[EXERCISE GOAL]
Only the lines below from the one that contains "Καρεκλα Dhara Με" through the one that contains "The Gates at Parkside Village - Residential" should appear in your answer, exact and without pictures.

[GIVEN RECORDS]
-------------------------
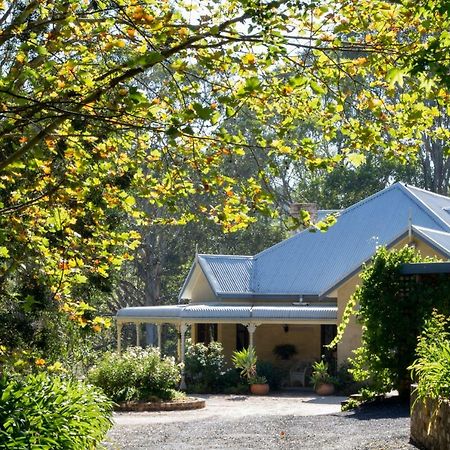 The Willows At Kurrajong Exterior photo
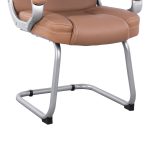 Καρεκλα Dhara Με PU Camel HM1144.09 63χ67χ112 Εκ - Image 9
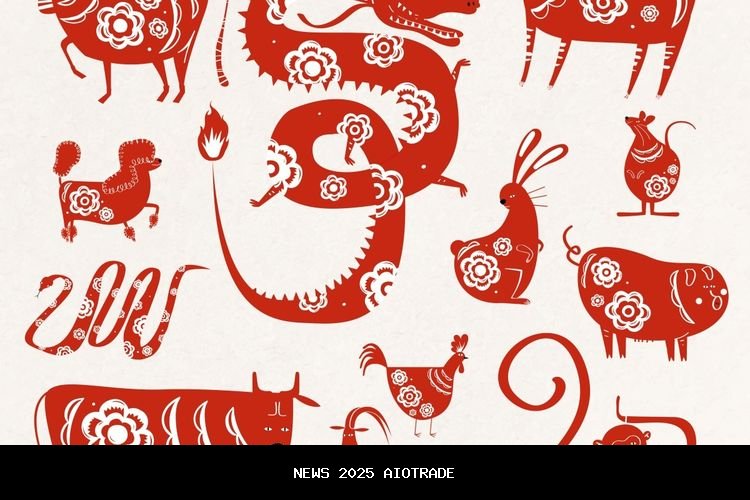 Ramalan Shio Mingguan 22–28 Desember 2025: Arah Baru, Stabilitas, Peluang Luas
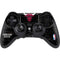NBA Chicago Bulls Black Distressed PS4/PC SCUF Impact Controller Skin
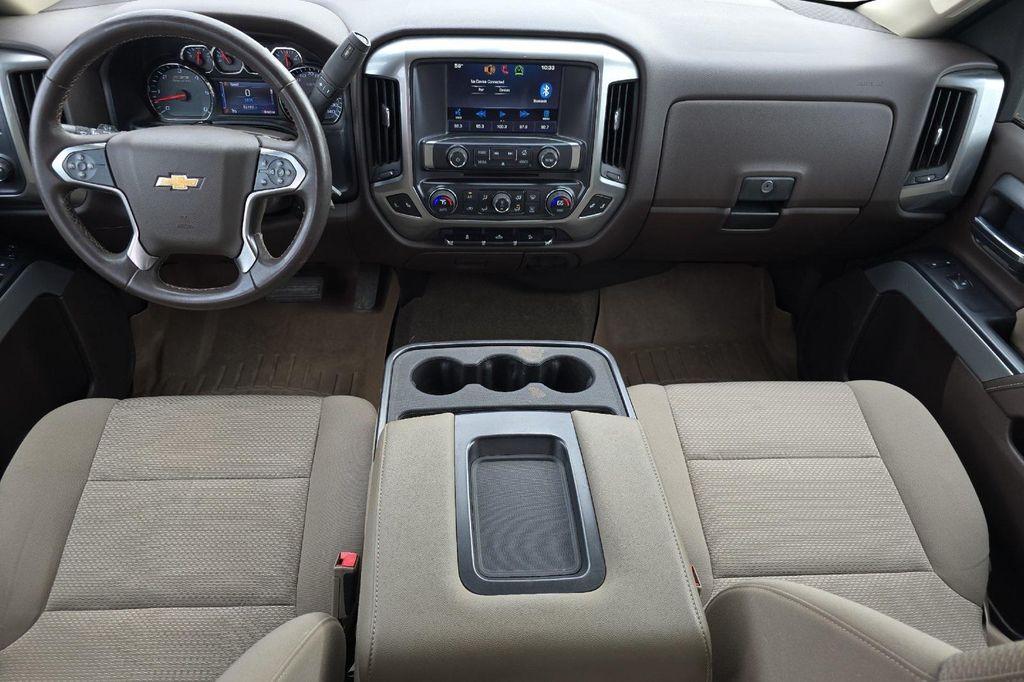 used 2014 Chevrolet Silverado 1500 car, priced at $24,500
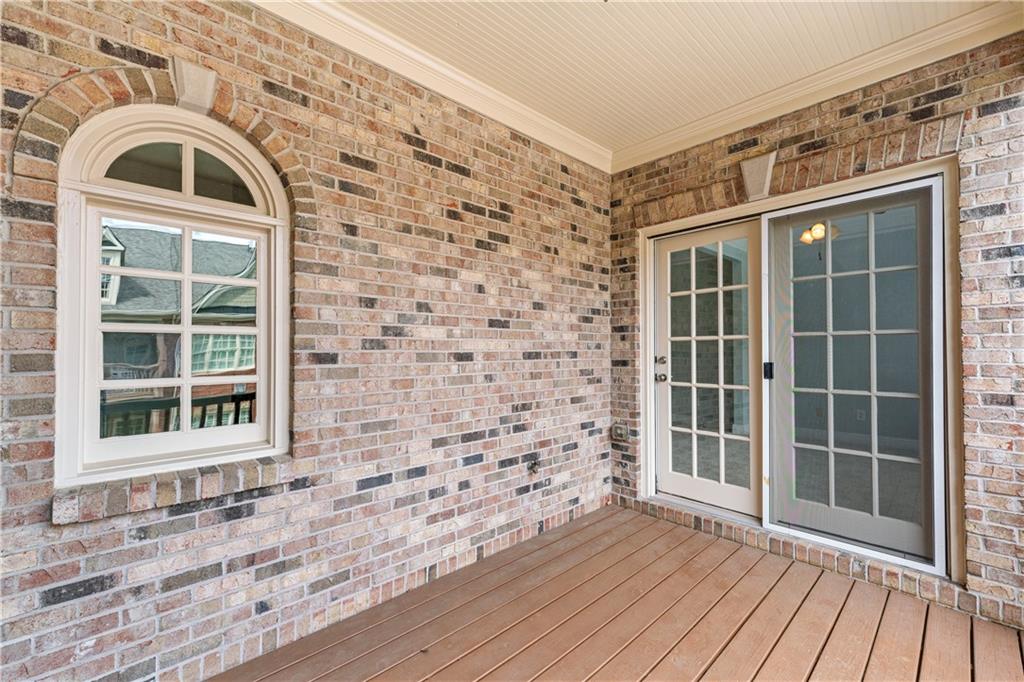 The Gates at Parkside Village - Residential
-------------------------
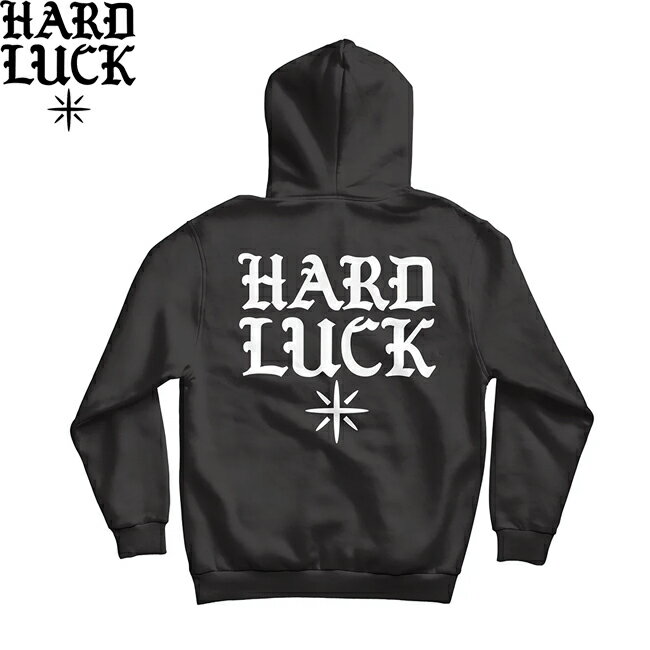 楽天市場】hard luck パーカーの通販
-------------------------
[SOLUTION TO THE PROBLEM]
 Καρεκλα Dhara Με PU Camel HM1144.09 63χ67χ112 Εκ - Image 9
 Ramalan Shio Mingguan 22–28 Desember 2025: Arah Baru, Stabilitas, Peluang Luas
NBA Chicago Bulls Black Distressed PS4/PC SCUF Impact Controller Skin
 used 2014 Chevrolet Silverado 1500 car, priced at $24,500
 The Gates at Parkside Village - Residential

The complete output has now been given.